━━ Task data ━━

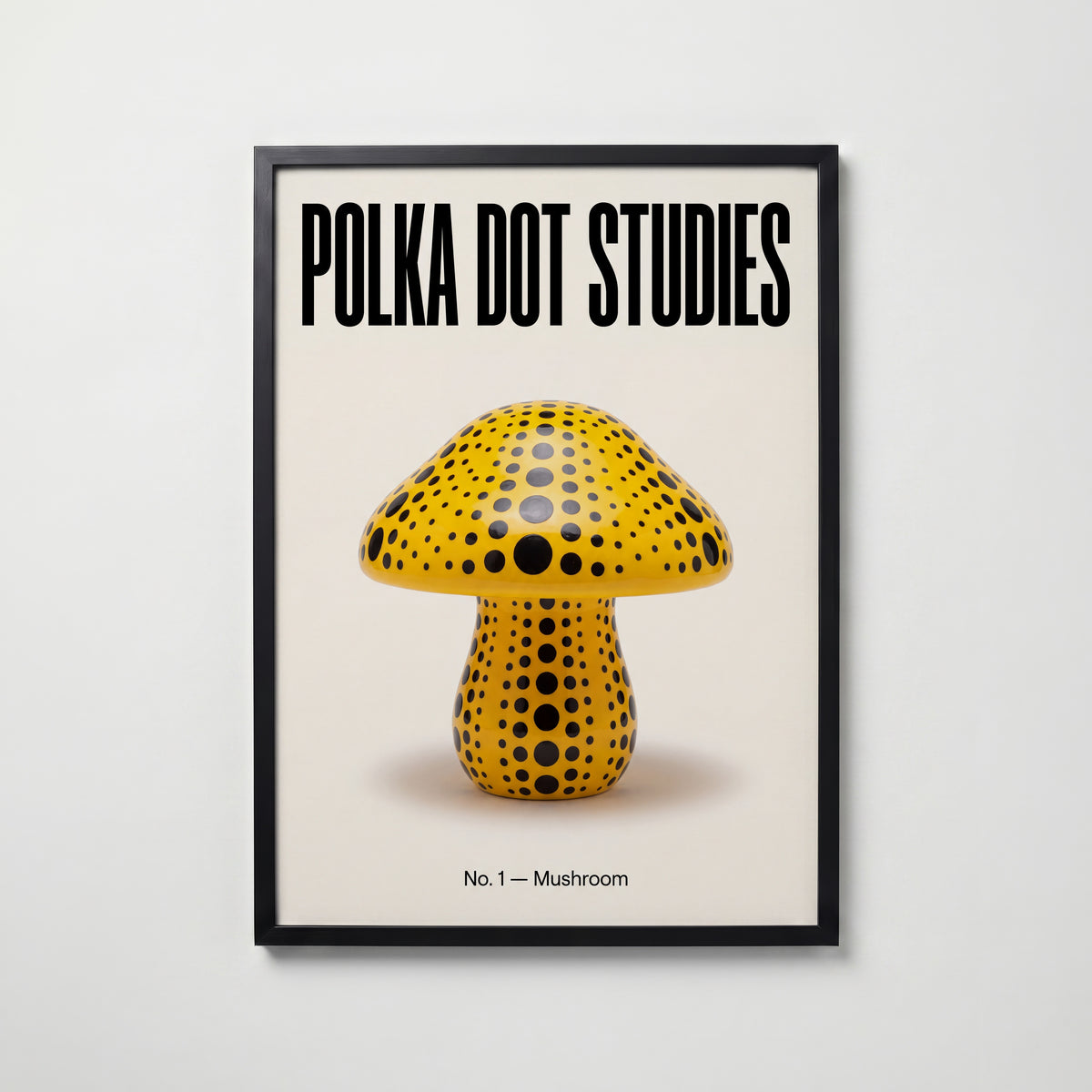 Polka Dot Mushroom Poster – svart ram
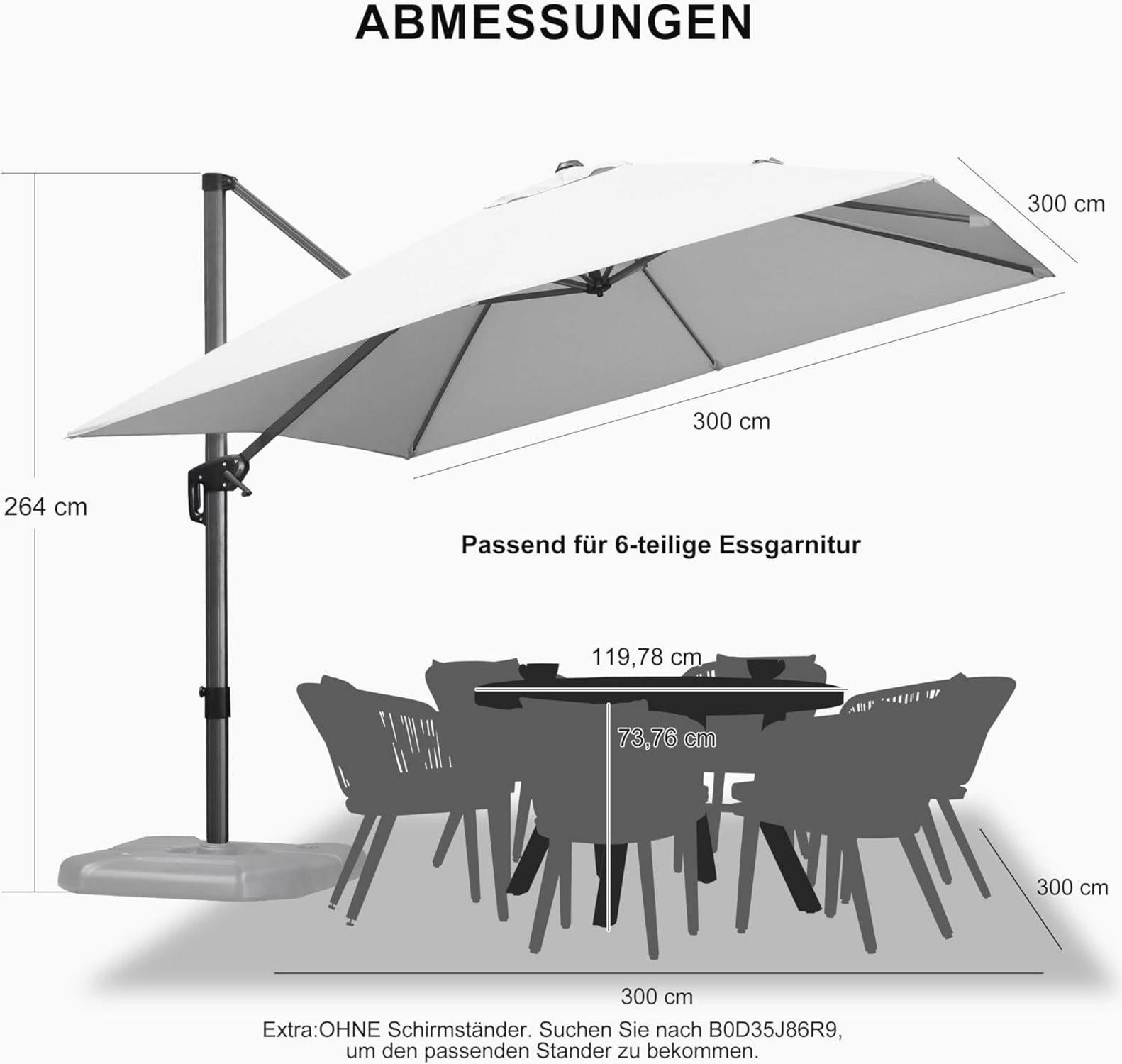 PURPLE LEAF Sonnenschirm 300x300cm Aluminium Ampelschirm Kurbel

━━━
━━ Task data ━━

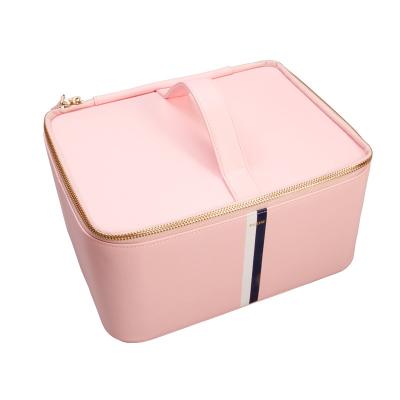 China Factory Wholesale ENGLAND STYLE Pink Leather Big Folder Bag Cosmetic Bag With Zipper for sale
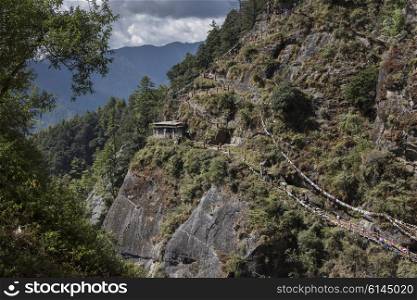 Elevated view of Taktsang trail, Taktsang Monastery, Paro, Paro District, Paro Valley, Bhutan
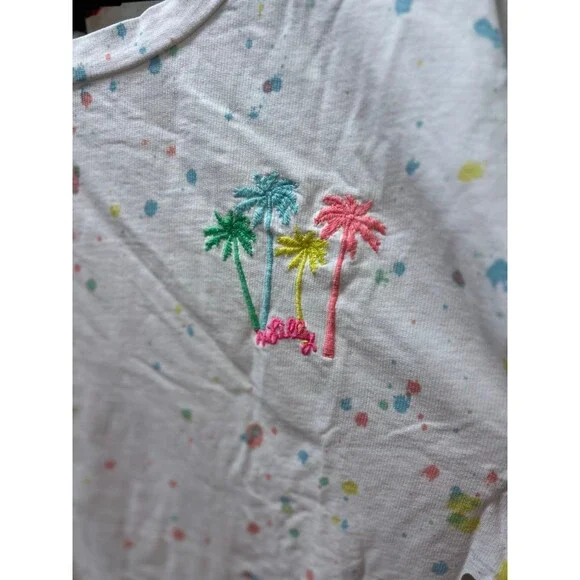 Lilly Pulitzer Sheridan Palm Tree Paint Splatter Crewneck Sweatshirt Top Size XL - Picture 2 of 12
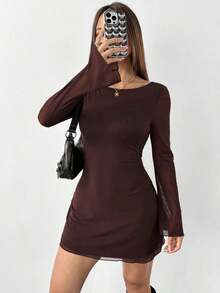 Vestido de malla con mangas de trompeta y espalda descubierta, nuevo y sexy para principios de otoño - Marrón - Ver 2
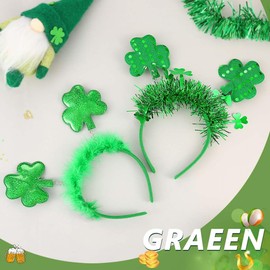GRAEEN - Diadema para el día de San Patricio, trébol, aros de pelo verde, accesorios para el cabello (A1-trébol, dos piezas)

━━━
━━ Task data ━━

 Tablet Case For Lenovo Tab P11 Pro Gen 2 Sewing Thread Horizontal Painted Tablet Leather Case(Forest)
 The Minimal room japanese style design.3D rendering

━━━

▸ **Your instructions**
For the data above, set down exactly the lines from the line with "Polka Dot Mushroom Poster – svart ram" to the line with "PURPLE LEAF Sonnenschirm", both included, leaving pictures out.

▸ **Task solution**
 Polka Dot Mushroom Poster – svart ram
 PURPLE LEAF Sonnenschirm 300x300cm Aluminium Ampelschirm Kurbel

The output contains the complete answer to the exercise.